Great pics and hope you had a wonderful vacation!


----------



## Mishevy (Sep 4, 2007)

Those ARRET signs always make me laugh.


----------



## Mahratta (Feb 18, 2007)

Thanks for the comments, and I did have a good time TB 

another picture:


----------



## Mishevy (Sep 4, 2007)

Excellent! We want moah, we want moah!!


----------



## Svartmetall (Aug 5, 2007)

Excellent stuff! I do like Quebec City, Ottawa and Montreal far more than other Canadian cities it has to be said.

Just to echo the previous posters sentiment though:

*MOAR*


----------



## christos-greece (Feb 19, 2008)

Nice pics 


Mishevy said:


> Those ARRET signs always make me laugh.


----------



## FREKI (Sep 27, 2005)

Great pics mate!


I'm surprised that they have "arret" signs - I thought "stop" would have been used in North America, even in the French speaking parts..


----------



## Clay_Rock (Jun 1, 2005)

Excellent photos!


----------



## Mahratta (Feb 18, 2007)

Thanks for the comments 
Yes, they use "Arret" all around Quebec...same with 'traveaux' as construction work signs...

Here is Old Quebec










and here is another part, still in the old city, but not the oldest part...










it's amazing how much like Europe some parts look...


----------



## Mahratta (Feb 18, 2007)

S'more of Quebec City

Walking the streets









A major lane, lots of eateries on this street









Near the Laval University of architecture


----------



## Minato ku (Aug 9, 2005)

FREKI said:


> Great pics mate!
> I'm surprised that they have "arret" signs - I thought "stop" would have been used in North America, even in the French speaking parts..

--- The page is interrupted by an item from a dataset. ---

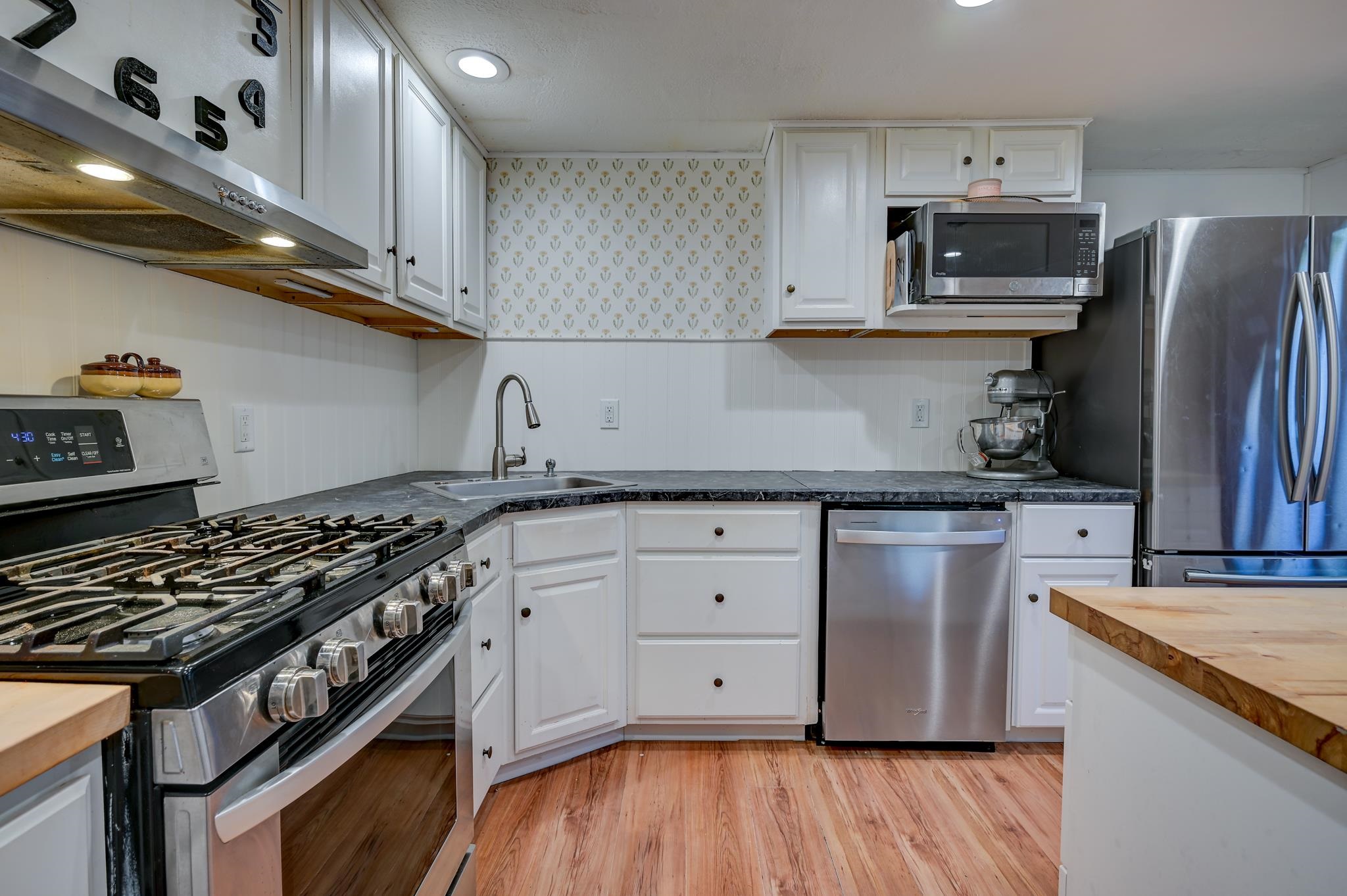 Kitchen with white cabinets, a large stainless steel gas range, and patterned wallpaper above the sink.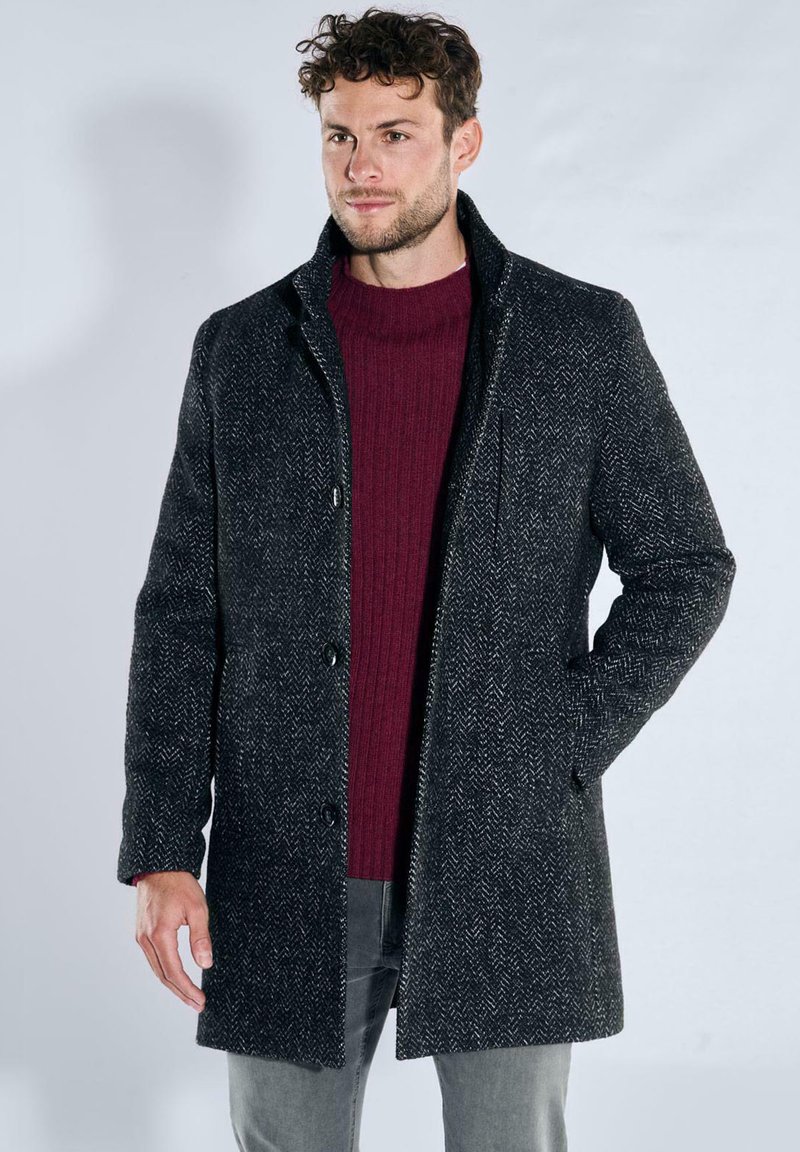 Mantel aus Wollmischung in Schwarz mit Fischgrätmuster, ausgestattet mit einem Reverskragen und Knopfverschluss, kombiniert mit einem bordeauxroten, gerippten Pullover.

^^ Even in France we use "stop".


----------



## Mahratta (Feb 18, 2007)

Minato ku said:


> ^^ Even in France we use "stop".


Some Quebecois think they are more French than the French, I guess


----------



## Mishevy (Sep 4, 2007)

This is even more silly (Ottawa): 










Not to mention this (French, English, Cri-a native language): 










Canada is a funny country


----------



## Nouvellecosse (Jun 4, 2005)

What's so funny/silly about arret? What's really silly would be to have government signs in a different language than the people actually speak. And yes, that includes the places that actually do it.


----------



## Mishevy (Sep 4, 2007)

^^I just find arret funny, because even France uses stop. 

now I find bilingual or even trilingual TRAFFIC signs kinda silly.


----------



## skyboi (Mar 30, 2008)

Very nice pictures of Quebec City , I just learnt something new to day Arret = Stop , easy , that's the fun thing traveling to another City otherwise I would just stay home


----------



## NorthernCalifornia (Aug 28, 2007)

How did France come to use Stop?


----------



## Mahratta (Feb 18, 2007)

Moving on...










Chateau Frontenac










Oldest part of the city


----------



## isaidso (Mar 21, 2007)

Nouvellecosse said:


> What's so funny/silly about arret? What's really silly would be to have government signs in a different language than the people actually speak. And yes, that includes the places that actually do it.


When it comes to traffic signs, safety must always take precedence over everything else. That's why air traffic control is in English globally. 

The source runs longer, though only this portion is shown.